Data Privacy through shuffling and masking – Part 2

By Talend Team

More beyond compliance

In the first part of this blog two-part series, we took a deep dive on Data Shuffling techniques aiming to mix up data and allowing to optionally retain logical relationships between columns. In this second part, we will now focus on Data Masking techniques as one of the main approaches to guarantee Data Privacy.

Data Masking

Simply put, masking techniques allows to block visibility of specifics fields or pieces of data. It hides data while preserving the overall format and semantic. It actually creates a structurally similar but inauthentic version of the data after having applied specific functions on data fields.

Note that, when using the most usual technics for data masking, original data cannot be retrieved after having been masked. Still, some encryption-based algorithms exist and allow to encrypt and decrypt data while preserving the format, as we will see at the very end of this section.

In the following, we first describe some of the numerous data transformation functions used to hide pieces of data. Then we detail the different masking modes and their implications at runtime.

Data Transformation Functions

To mask data, lots of transformation functions can be applied on the original data. Let’s first dig into the most common ones. This list is not exhaustive and other transformations can be easily applied to create other inauthentic version of the data.

Text handling functions

The following table lists some of the available masking routines for text, and their effects on the value Talend in 2019 is awesome for example.

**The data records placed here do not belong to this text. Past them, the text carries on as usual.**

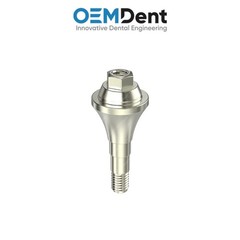 Dental Straight Multi Unit Prosthetic NC Megagen® BlueDiamond Compatible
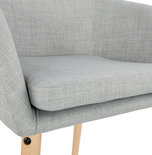 Design Stoel MIUK Grijs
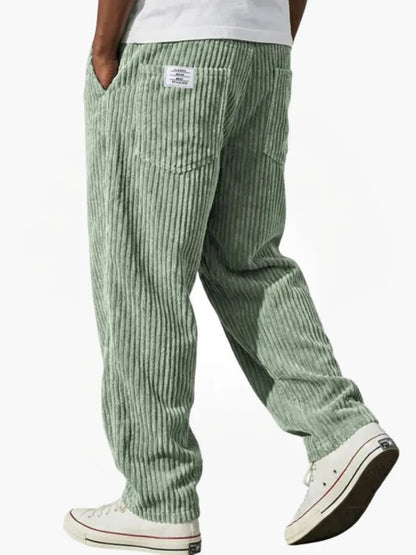 KAMIL | STYLISH MEN'S LOOSER FIT PANTS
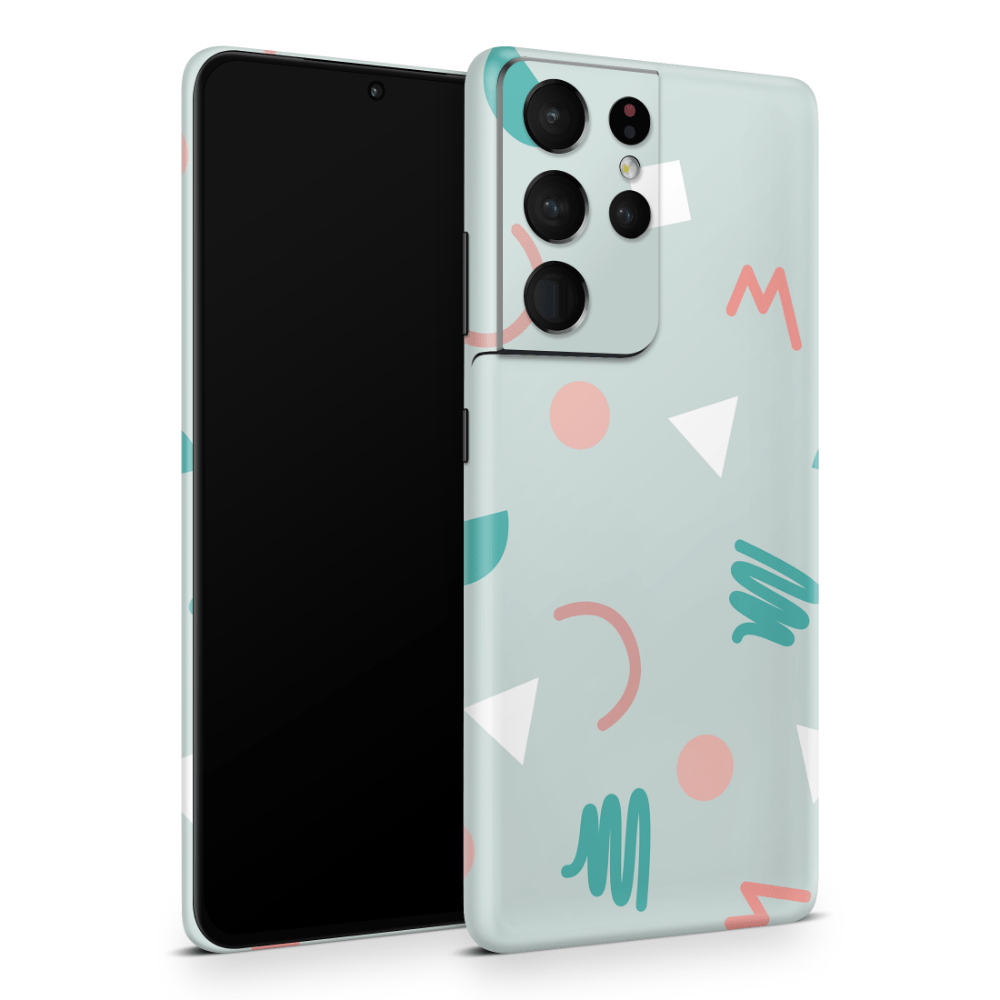 Retro Movement Samsung Galaxy S Skins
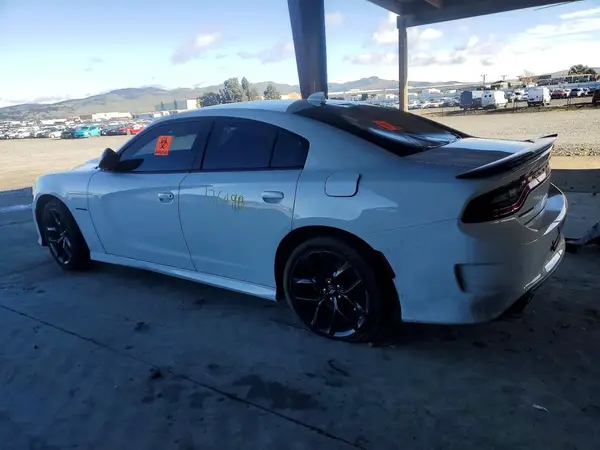 2C3CDXCT8NH157671 2022 DODGE CHARGER - Image 2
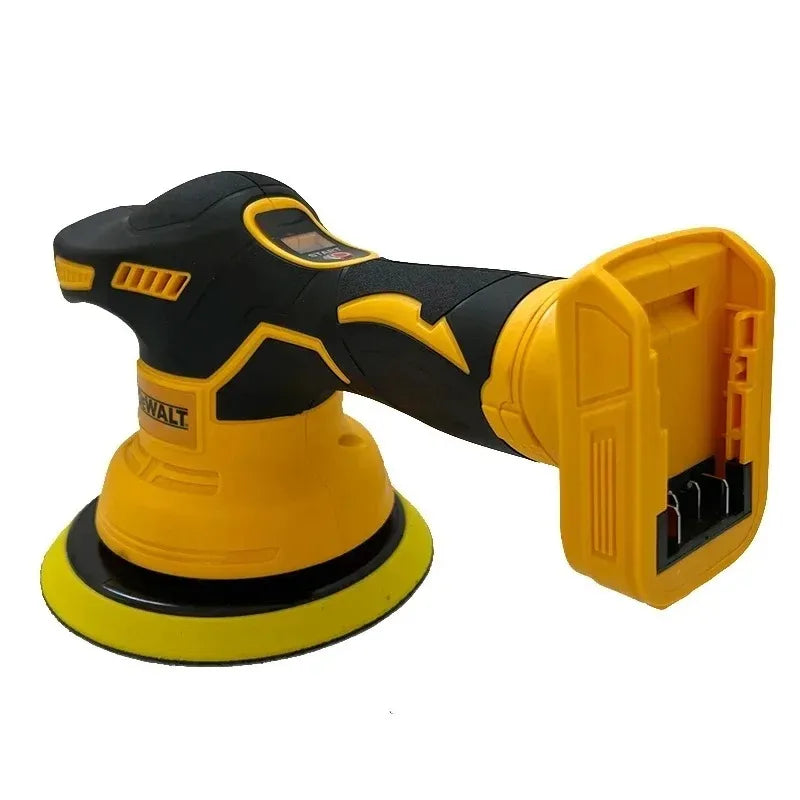 DEWALT 8 Gears Digital Display Cordless Car Polisher Electric Waxing Polishing Machine Variable Speed For DEWALT 20V Battery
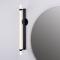 Katana wall lamp Black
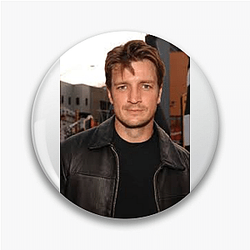 Legendary Actor Nathan Fillion Pins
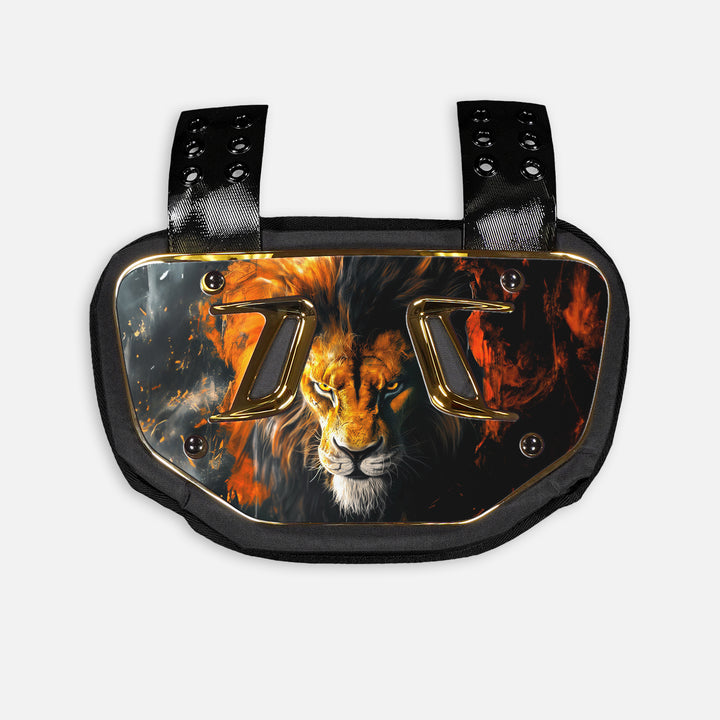 Wild Lion Face Sticker for Backplate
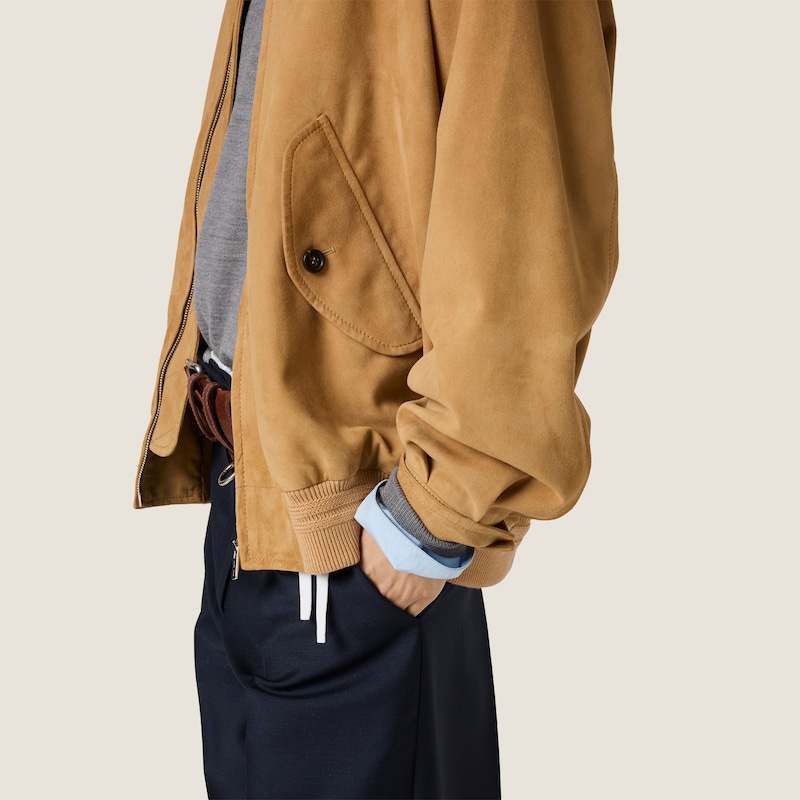 Suede jacket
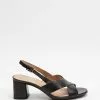 Naturalizer Azalea Block Heel Black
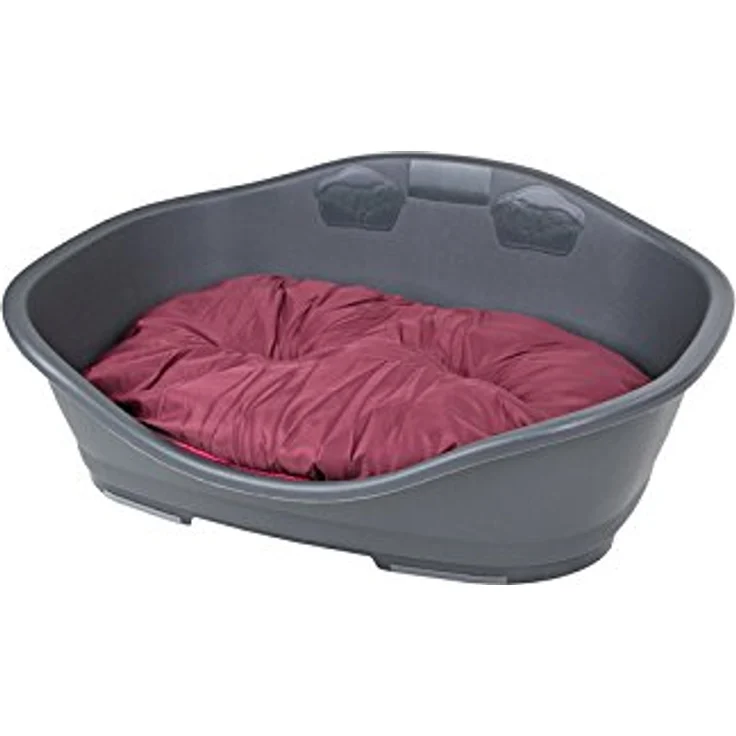 Kerbl Tierbett Kunststoffbett Sleepers 80,5 cm x 49 cm 80331 mit Lüftungslöchern und Antirutschfüßen – Bild 2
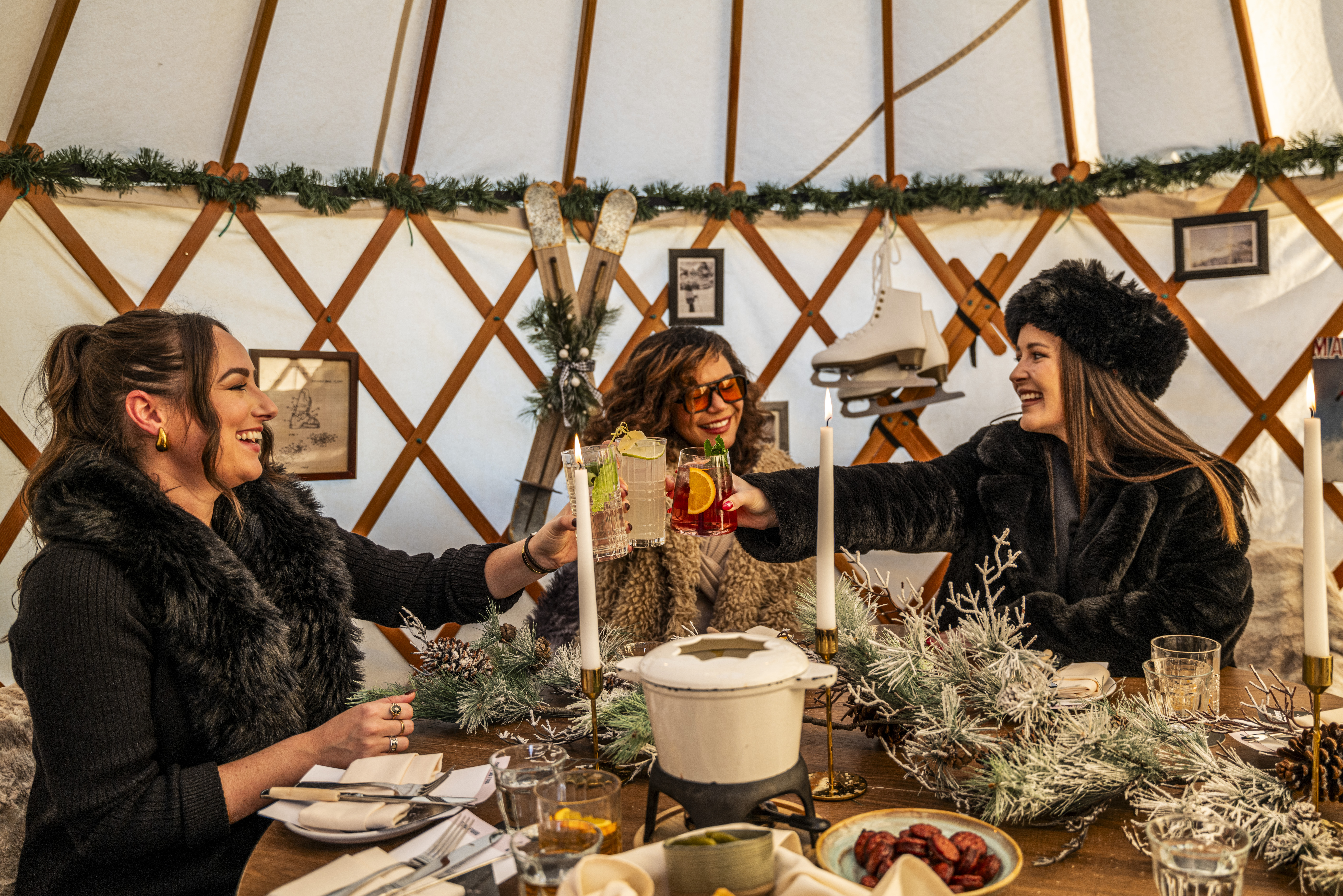 Savannah Gets an Alpine Winter Escape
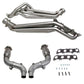 BBK 15-23 Ford Mustang GT 5.0 1-7/8in Long Tube Headers (304SS) w/High Flow Catted Mid Pipe 18567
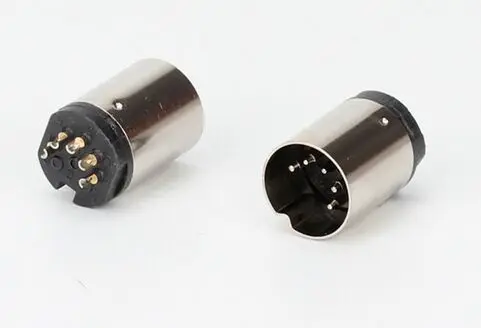 

DIN socket 5 PIN Male Inline DIN-5-07F-S Plug Socket Audio AV Connector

Numeric values handling functions

The following table lists the available masking routines for a column containing numeric values, and their effect on the value 21803 for example.

Date handling functions

The following table lists the available masking routines for a column containing date values, and their effects on the value 05/04/2018 for example.

Patterns handling function

Specific algorithms can be applied to mask data that follows a specific pattern. This can be ideal to mask records such as credit card numbers, Social Security Numbers (SSN), account ids, IP addresses, etc. which is structured and standardized data.

For example, if we want to mask a French Social Security Number, the input values consist of 15 characters, excluding spaces, and use the pattern “s yy mm ll ooo kkk cc” where:

s is the gender: 1 for a male, 2 for a female,
yy are the last two digits of the year of birth,
mm is the month of birth,
ll is the number of the department of origin,
ooo is the commune of origin,
kkk is an order number to distinguish people being born at the same place in the same year and month,
cc is the “control key”.

By specifying exactly how to mask which parts using specified ranges allows to transform the original data in consistent manner. For example, you can specify that:

s must be generated between 1 and 2,
yy must be generated between 00 and 99,
mm must be generated between 01 and 12,
etc.

You also get the ability to mask specific parts of the input and keep other parts unmasked. For example, you might want to mask all the SSN characters except the exact first one. This would allow to keep real statistics for gender (represented by the first character) by preserving the anonymity of the real person – the other characters being fully masked.

Of course, same behaviors can be applied for dedicated data type such as emails, phone numbers, addresses, etc.

Masking Modes and Runtime Behaviors

When masking data, besides those technical routines applied to transform data, another component is also key. It concerns the masking modes and the behavior the functions have at runtime.

Depending on the targeted use case, data masking routines can be purely random. But they can also be repeatable from one execution to another on the same dataset. This opens huge perspectives, especially allowing joins and lookups on masked data. Let’s dig into that…

Random Data Masking

Random masking consists of masking an input value with a randomly generated value. As a consequence, when there are multiple occurrences of the same value in the input dataset, it can be masked to different values. Vice versa, different values from the input dataset can be masked to the same value.

For example, the following diagram shows an example of pure random data masking:

The A value is masked to D when it first appears in the input dataset.
The B and C values are masked to E.
The A value is masked to F when it appears in the input dataset for the second time.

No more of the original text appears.